I have a IPv6 address block of prefix size 64. On my host computer running FreeBSD 13-RELEASE I have three jails:
jls
JID IP Address Hostname Path
1 svcfw /usr/jail/svcfw
2 www /usr/jail/www
3 ifee /usr/jail/ifee
Host network adapter connected to global Internet:
ifconfig vtnet0
vtnet0: flags=8863<UP,BROADCAST,RUNNING,SIMPLEX,MULTICAST> metric 0 mtu 1500
options=4804bb<RXCSUM,TXCSUM,VLAN_MTU,VLAN_HWTAGGING,JUMBO_MTU,VLAN_HWCSUM,LRO,LINKSTATE,TXCSUM_IPV6>
ether 56:00:03:7a:2c:a1
inet 192.248.184.48 netmask 0xfffffe00 broadcast 192.248.185.255
inet6 fe80::5400:3ff:fe7a:2ca1%vtnet0 prefixlen 64 scopeid 0x1
inet6 2001:19f0:6c01:2033::2 prefixlen 65
media: Ethernet autoselect (10Gbase-T <full-duplex>)
status: active
nd6 options=21<PERFORMNUD,AUTO_LINKLOCAL>
Contents of my /etc/rc.conf
:
hostname="login"
clear_tmp_enable="YES"
syslogd_flags="-ss"
sendmail_enable="NONE"
static_routes="linklocal"
route_linklocal="-net 169.254.0.0/16 -interface vtnet0"

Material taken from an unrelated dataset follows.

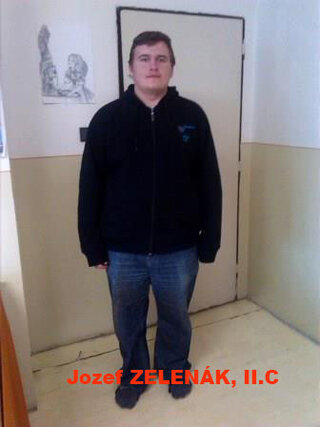 Zelenák Jozef  II.C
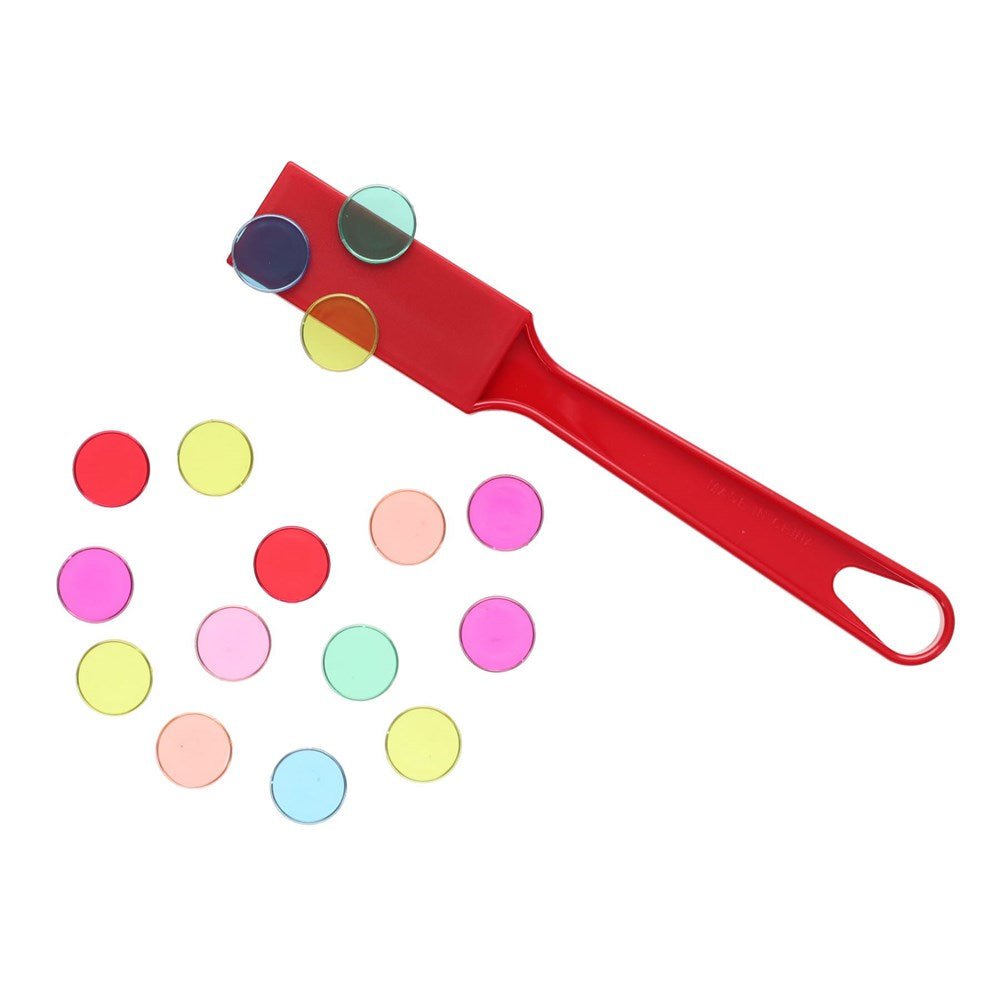 Magnetic Wands and Chips Set of 100 - ABC School Supplies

ifconfig_vtnet0="inet 192.248.184.48 netmask 255.255.254.0"
defaultrouter="192.248.184.1"
ifconfig_vtnet0_ipv6="inet6 2001:19f0:6c01:2033::2 prefixlen 65"

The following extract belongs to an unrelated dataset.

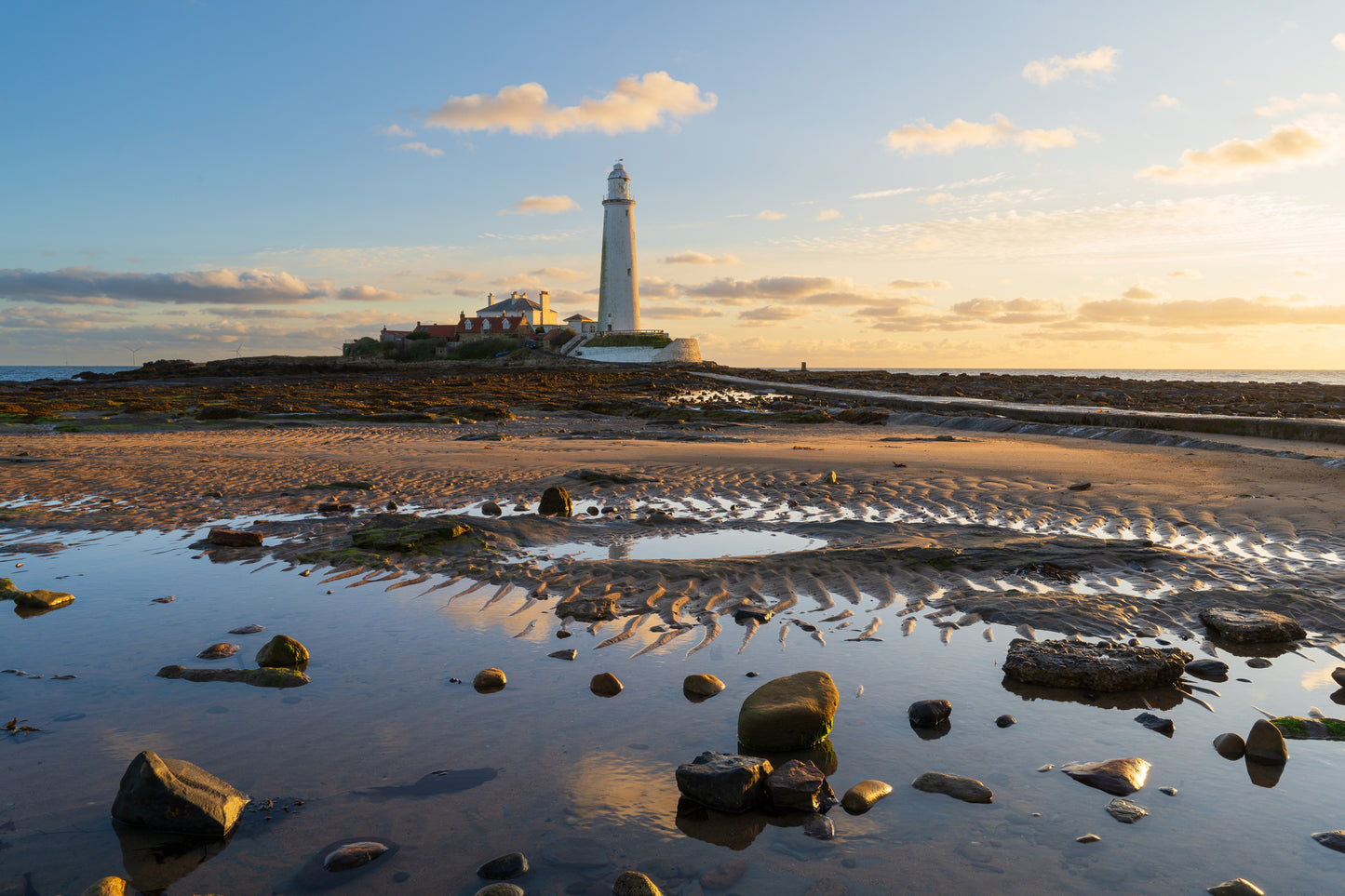 Whitley Bay 2025 Wall Calendar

ipv6_default_interface="vtnet0"
# XXX:
# - https://bugs.freebsd.org/bugzilla/show_bug.cgi?id=233283#c4
# - https://bugs.freebsd.org/bugzilla/show_bug.cgi?id=233283#c16
ipv6_defaultrouter="fe80::fc00:3ff:fe7a:2ca1%vtnet0"
cloned_interfaces="bridge0 epair0"
ifconfig_epair0a_ipv6="inet6 2001:19f0:6c01:2033:8000::1 prefixlen 65"
ifconfig_epair0a="inet 10.22.0.1 netmask 255.255.0.0"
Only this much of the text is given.